Isaac N. Arnold "possessed some of Mr. Lincoln's best qualities," wrote Treasury official Lucius E. Chittenden. "His kindness of heart and amiability. No man knew Mr. Lincoln more appreciatively than Mr. Arnold. He had known him from the time he came to the bar; had been many times associated with him as counsel, and they had been close friends. Mr. Arnold had 'wintered and summered' with him and was consulted by him frequently while he was President."1

In 1836 Arnold moved from New York, where he was a school teacher, to Chicago, where he opened a law practice and pursued an interest in Democratic politics. He was elected to the State House of Representatives the year Mr. Lincoln left that body. His anti-slavery convictions moved him first into the Free-Soil Party and later in the Republican Party. He lost one congressional race before winning election along with Mr. Lincoln in 1860. In Congress, Arnold had a reputation as one of the President's strongest supporters. Indeed when Congressman Thaddeus Stevens was asked to show a Pennsylvania editor "some member of Congress friendly to Mr. Lincoln's renomination, Stevens took him to meet Arnold and said "You are the only one I know, and I have come over to introduce my friend to you."

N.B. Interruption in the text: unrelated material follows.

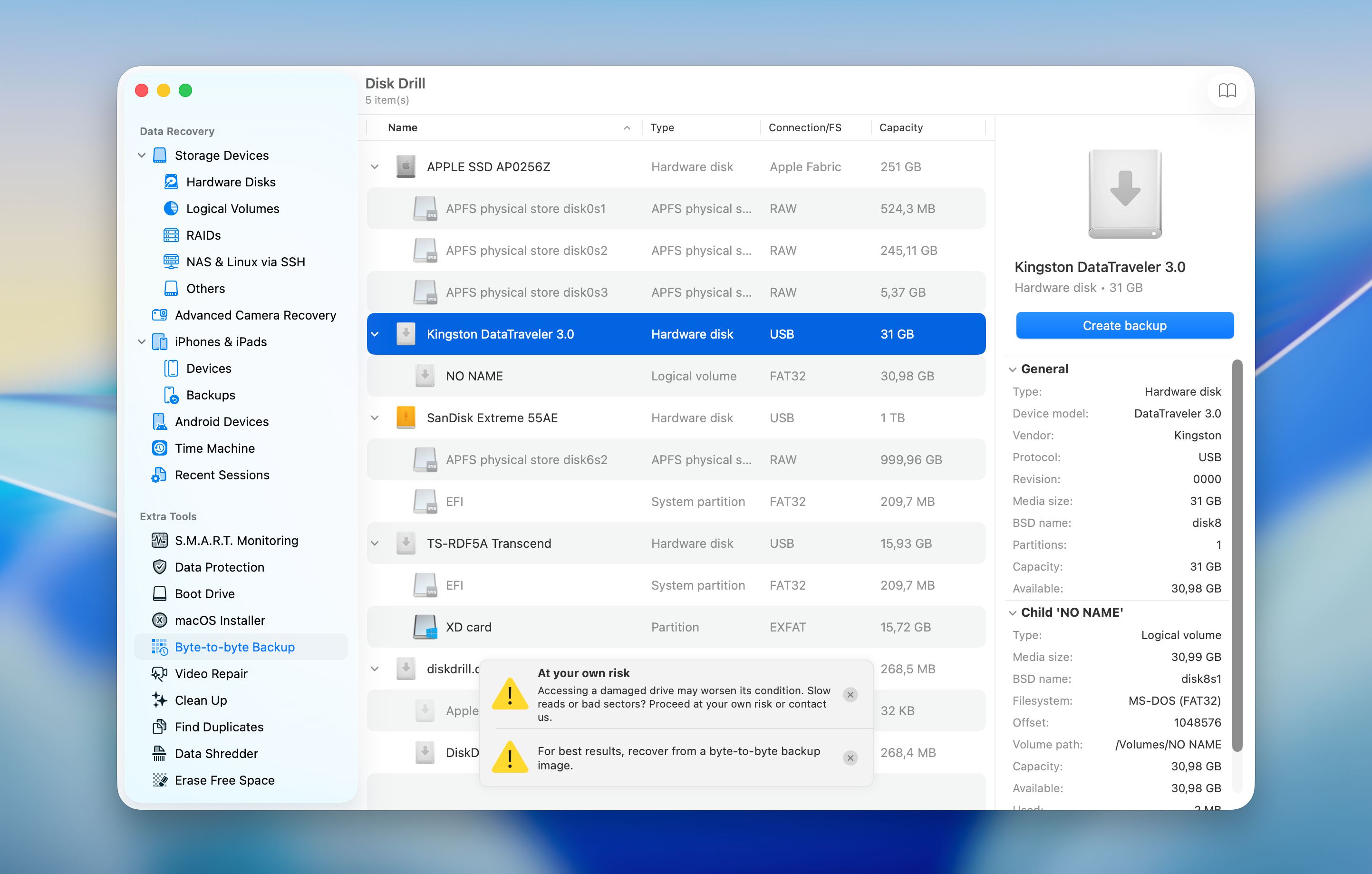 Disk Drill click Create backup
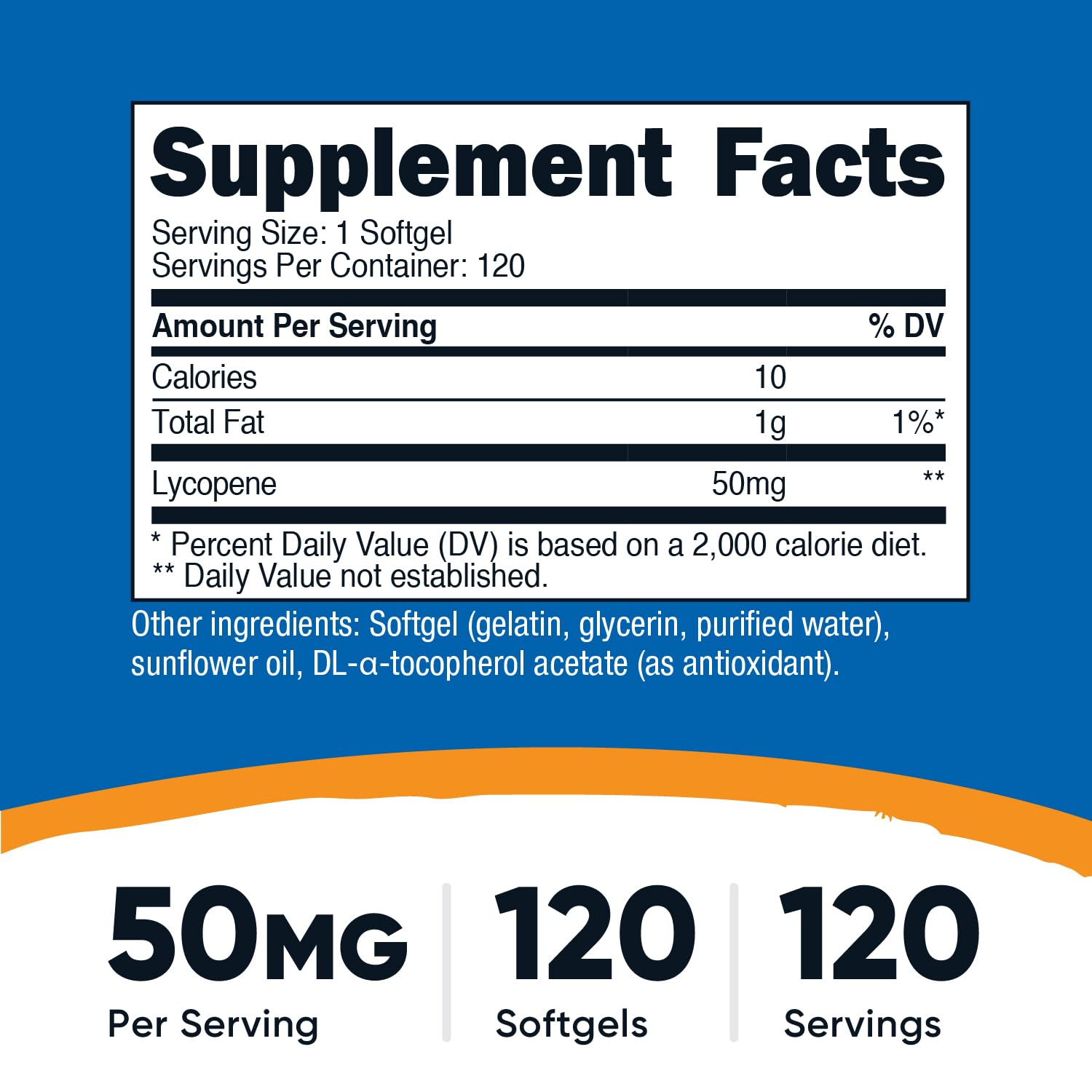 Nutricost Lycopene 50mg Softgels closeup highlighting softgel texture and potency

"Let Abraham Lincoln finish the great work he has begun," said Arnold delivered a speech on the House floor in favor of Mr. Lincoln's renomination in March 1864 . "He has borne censure and denunciation for acts for which others were responsible, with a generosity which has extorted from his rivals the declaration, 'Of all men, Mr. Lincoln is the most unselfish.' I ask the ardent and impatient friends of freedom to put implicit faith in Abraham Lincoln. If you deem him slow, or if you think he has made mistakes, remember how often time has vindicated his wisdom."2

Arnold put his thoughts in a letter to editor in early May in which he argued that Mr. Lincoln's renomination was inevitable despite the opposition of powerful interests. "There is no organization among the friends of the President, they are doing nothing; but this action of the people is spontaneous, unprompted, earnest, and sincere. State after state holds its convention, appoints its delegates, and without a dissenting voice instructs them to vote for Mr. Lincoln. This popularity of the President, this unanimity of the people, is confined to no section, but East as well as West, middle state and border state, they all speak once voice, 'Let us have Lincoln for our candidate.'"3

Arnold's own renomination ran into trouble. In their biography of Mr. Lincoln, John G. Nicolay and John Hay wrote: "During the progress of the campaign Mr. Lincoln was frequently called upon to assist his friends, to oppose his enemies, and to exercise his powerful influence in appeasing discord in different States and districts. He interfered as little as possible, and always in the interests of the party at large, rather than in those of individuals. He took no account of the personal attitude of candidates towards himself. In the case of those who were among his intimate friends he would go no further than to demand that Government officers should not work against them."4

In Arnold's case, he had become involved in a feud with John L. Scripps, a journalist whom Mr. Lincoln had appointed as Chicago's postmaster. The problem seems to have dated back more than three years. Soon after Mr. Lincoln was inaugurated, Congressman Arnold wrote him: "As the immediate representative of the people of Chicago I desire to be heard in regard to the appointment of Post Master at that place - Usage and custom, I believe have established the rule that the recommendation of the Representative of the District shall be regarded as making a prima﷓facie case for the appointment".5

Mr. Lincoln tried to intervene on Arnold's behalf with Scripps, but according to Hay and Nicolay, "The President would do nothing more than to order the offending postmaster to content himself with the exercise of his own rights as a citizen and a voter and to allow his subordinates to do the same."6 To Mr. Lincoln, Scripps replied: "That I am opposed to the renomination of Mr. Arnold is true; but that I have, at any time, either directly or indirectly, used my 'official power' to defeat his renomination, is utterly untrue...Mr. Arnold well knew the falsity of the charge at the time he preferred it...But he knew what he would do were he similarly situated, and I suppose could not credit the fact; and so he went whining to you about the 'official power' of this office being thrown against him...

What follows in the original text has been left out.